Я летел, стоя нагишом на палубе моторной яхты за прозрачным ветровым щитком перед штурвалом, с развивающимися волосами, под ударами брызг, от которых каждый раз что-то во мне обмирало от невесомости...
Снизу раздался стук и на палубе выросла Макси. Я вопросительно посмотрел на нее.
– Шеф заснул, – пояснила она, делая вид, что не обращает внимания на мою наготу.
– И ты поспи, – сказал я.
– Ты же знаешь, что я днем не сплю.
– Но ты же ночью бодрствовала.
– Ничего, на берегу отосплюсь. Сколько нам осталось?
– Не знаю. Если все хорошо и нас не обнаружат, к вечеру доберемся... Ты хоть знаешь, куда мы плывем?
– Мне все равно, – сказала она. – Шеф сказал, что на Сардинию. Даже стыдно вслух произносить... Сардины какие-то.
Я хохотнул:
– Там великолепные курорты!
– Не знаю, не знаю, – скривилась Макси и, словно машинально, как это делала на нудистском пляже, стала стягивать с себя все, что было на ней, не заботясь о том, куда падают предметы ее верхней, а затем и нижней одежды – узкие ее трусики оказались слишком легкими и их вовсе сдуло за борт, но она и бровью не повела. Вместо этого она оглянулась через плечо на меня, чуть искусительно, исподлобья, но больше дружески, потянулась по кошачьи и, играя ягодицами, отправилась на нос яхты. Все-таки у нее была классная фигура! К тому же она была на редкость фотогенична. Всегда приятно было следить за сменой выражений на ее лице, казалось – будто читаешь книгу ее мыслей и настроений.

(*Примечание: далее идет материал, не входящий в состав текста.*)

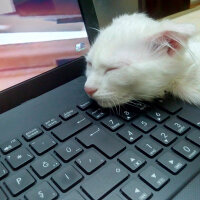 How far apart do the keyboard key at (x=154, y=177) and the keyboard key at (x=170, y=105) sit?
0.09 meters

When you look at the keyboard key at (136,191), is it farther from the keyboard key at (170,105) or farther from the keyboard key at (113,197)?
the keyboard key at (170,105)

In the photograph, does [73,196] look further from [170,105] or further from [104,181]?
[170,105]

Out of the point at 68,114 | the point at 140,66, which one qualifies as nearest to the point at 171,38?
the point at 140,66

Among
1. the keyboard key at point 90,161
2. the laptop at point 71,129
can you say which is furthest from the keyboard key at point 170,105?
the keyboard key at point 90,161

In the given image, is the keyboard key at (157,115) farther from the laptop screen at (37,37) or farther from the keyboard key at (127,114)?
the laptop screen at (37,37)

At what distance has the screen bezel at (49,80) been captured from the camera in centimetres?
35

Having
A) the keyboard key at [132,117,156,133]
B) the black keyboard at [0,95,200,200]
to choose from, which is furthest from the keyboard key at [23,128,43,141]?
the keyboard key at [132,117,156,133]

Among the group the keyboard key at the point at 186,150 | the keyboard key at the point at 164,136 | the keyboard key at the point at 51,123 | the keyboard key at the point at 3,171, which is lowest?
the keyboard key at the point at 186,150

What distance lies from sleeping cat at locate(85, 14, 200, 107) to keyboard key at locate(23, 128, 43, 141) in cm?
8

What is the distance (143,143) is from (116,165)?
0.04 meters

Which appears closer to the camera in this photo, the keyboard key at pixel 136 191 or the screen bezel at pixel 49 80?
the keyboard key at pixel 136 191

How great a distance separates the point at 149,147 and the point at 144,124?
0.04 m

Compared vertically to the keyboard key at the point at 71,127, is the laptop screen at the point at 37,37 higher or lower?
higher

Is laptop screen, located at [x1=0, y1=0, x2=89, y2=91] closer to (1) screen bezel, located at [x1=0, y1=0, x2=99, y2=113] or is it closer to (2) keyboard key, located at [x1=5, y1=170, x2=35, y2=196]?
(1) screen bezel, located at [x1=0, y1=0, x2=99, y2=113] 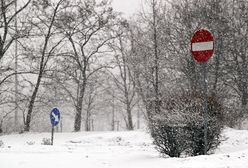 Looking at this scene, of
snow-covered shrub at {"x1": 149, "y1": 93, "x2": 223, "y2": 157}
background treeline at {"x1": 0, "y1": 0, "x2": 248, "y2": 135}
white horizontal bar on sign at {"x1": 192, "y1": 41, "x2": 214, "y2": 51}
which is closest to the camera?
white horizontal bar on sign at {"x1": 192, "y1": 41, "x2": 214, "y2": 51}

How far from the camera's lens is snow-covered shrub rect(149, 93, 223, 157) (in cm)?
1247

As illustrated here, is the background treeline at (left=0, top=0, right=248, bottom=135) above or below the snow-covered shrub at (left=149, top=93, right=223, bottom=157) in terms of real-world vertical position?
above

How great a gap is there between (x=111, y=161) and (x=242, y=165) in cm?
396

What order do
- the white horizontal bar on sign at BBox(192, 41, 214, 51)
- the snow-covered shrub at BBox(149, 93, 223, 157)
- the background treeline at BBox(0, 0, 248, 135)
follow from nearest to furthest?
the white horizontal bar on sign at BBox(192, 41, 214, 51) < the snow-covered shrub at BBox(149, 93, 223, 157) < the background treeline at BBox(0, 0, 248, 135)

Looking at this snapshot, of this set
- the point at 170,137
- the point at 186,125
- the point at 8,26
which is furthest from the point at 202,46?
the point at 8,26

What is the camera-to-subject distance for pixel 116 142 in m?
22.9

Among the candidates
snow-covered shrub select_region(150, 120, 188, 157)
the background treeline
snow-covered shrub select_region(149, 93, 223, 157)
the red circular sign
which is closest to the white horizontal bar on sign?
the red circular sign

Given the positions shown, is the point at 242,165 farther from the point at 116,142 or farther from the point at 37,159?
the point at 116,142

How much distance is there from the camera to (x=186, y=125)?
1247 centimetres

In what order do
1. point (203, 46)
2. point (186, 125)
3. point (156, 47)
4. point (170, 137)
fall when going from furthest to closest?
point (156, 47) → point (170, 137) → point (186, 125) → point (203, 46)

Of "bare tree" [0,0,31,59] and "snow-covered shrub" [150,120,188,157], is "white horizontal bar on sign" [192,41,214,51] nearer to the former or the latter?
"snow-covered shrub" [150,120,188,157]

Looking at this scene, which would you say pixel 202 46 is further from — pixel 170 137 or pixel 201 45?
pixel 170 137

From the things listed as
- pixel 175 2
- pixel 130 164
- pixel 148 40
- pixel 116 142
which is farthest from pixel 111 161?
pixel 148 40

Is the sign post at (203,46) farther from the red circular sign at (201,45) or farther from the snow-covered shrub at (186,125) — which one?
the snow-covered shrub at (186,125) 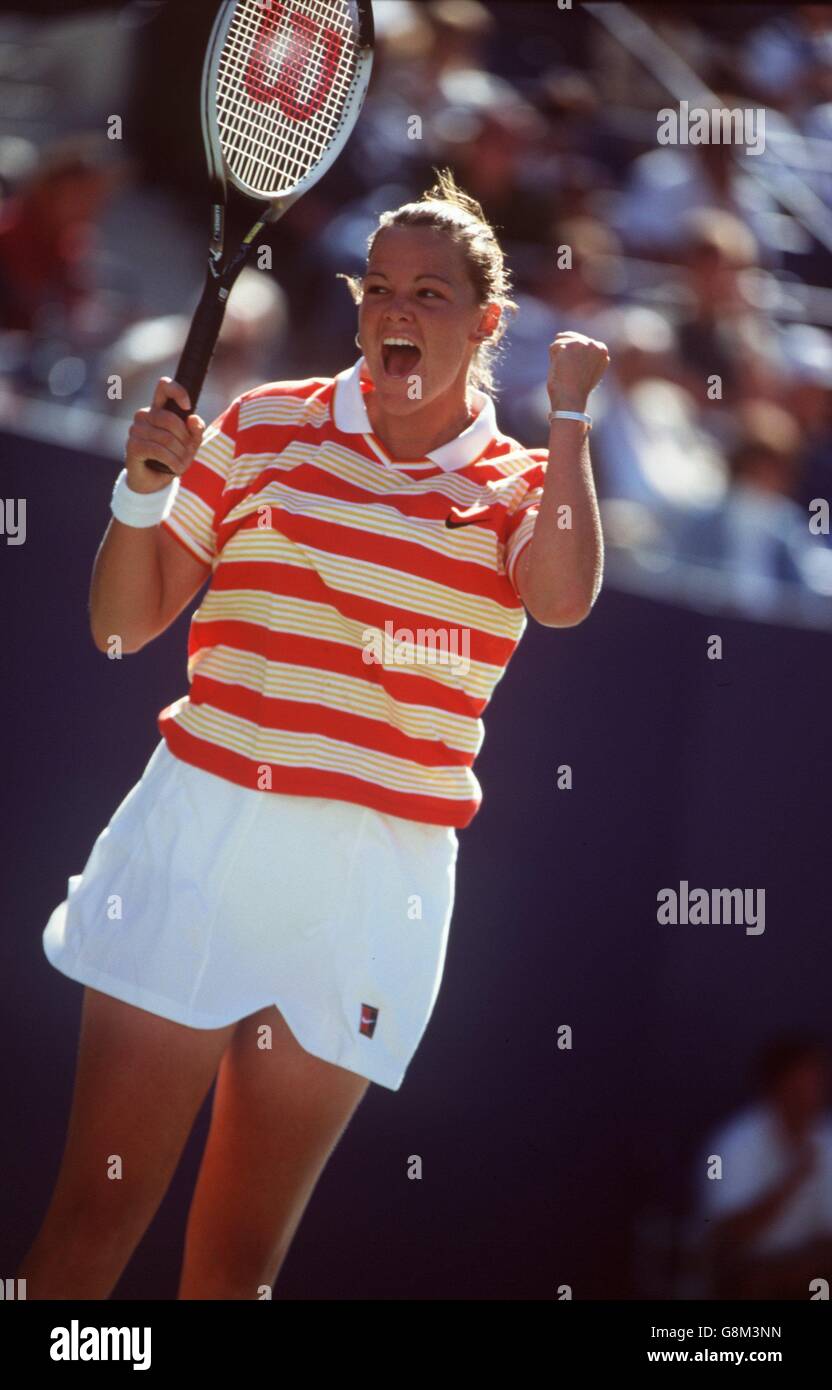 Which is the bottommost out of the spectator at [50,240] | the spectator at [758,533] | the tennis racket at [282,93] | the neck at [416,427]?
the neck at [416,427]

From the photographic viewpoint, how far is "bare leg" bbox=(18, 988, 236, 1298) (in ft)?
7.57

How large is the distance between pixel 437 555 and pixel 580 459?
0.22m

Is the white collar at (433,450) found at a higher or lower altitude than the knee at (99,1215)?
higher

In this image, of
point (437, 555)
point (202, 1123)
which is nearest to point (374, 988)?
point (437, 555)

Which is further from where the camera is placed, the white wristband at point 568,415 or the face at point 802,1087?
the face at point 802,1087

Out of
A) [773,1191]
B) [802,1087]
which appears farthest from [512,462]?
[773,1191]

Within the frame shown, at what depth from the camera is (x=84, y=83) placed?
18.3 ft

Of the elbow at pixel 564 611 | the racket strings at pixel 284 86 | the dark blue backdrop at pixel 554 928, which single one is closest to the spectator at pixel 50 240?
the dark blue backdrop at pixel 554 928

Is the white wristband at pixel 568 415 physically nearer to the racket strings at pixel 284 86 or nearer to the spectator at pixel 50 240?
the racket strings at pixel 284 86

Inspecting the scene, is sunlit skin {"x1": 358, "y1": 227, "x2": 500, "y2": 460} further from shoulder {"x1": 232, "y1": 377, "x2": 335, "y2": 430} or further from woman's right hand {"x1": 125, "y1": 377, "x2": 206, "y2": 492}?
woman's right hand {"x1": 125, "y1": 377, "x2": 206, "y2": 492}

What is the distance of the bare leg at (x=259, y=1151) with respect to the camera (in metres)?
2.36

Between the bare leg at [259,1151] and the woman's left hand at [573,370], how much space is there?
0.86m

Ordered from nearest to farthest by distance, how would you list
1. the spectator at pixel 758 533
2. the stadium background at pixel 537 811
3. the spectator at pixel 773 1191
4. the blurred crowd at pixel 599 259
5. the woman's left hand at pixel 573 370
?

Мимикой она напоминала прекрасную диснеевскую зверушку, впрочем, подходил ей чуть не весь набор диснеевских героинь. И глаза... Чуть сердитый взгляд больших, карих, по-беличьи раскосых глаз, в которых очень глубоко, на самом дне, таились тени далеких татаро-монгольских предков.
И вот такая девица продефилировала на нос круизной яхты и демонстративно улеглась там попой вверх, словно невзначай явив мне на миг свою ракушку, опушенную мелкой порослью, которая с двух сторон сбегала к бугорку лобка.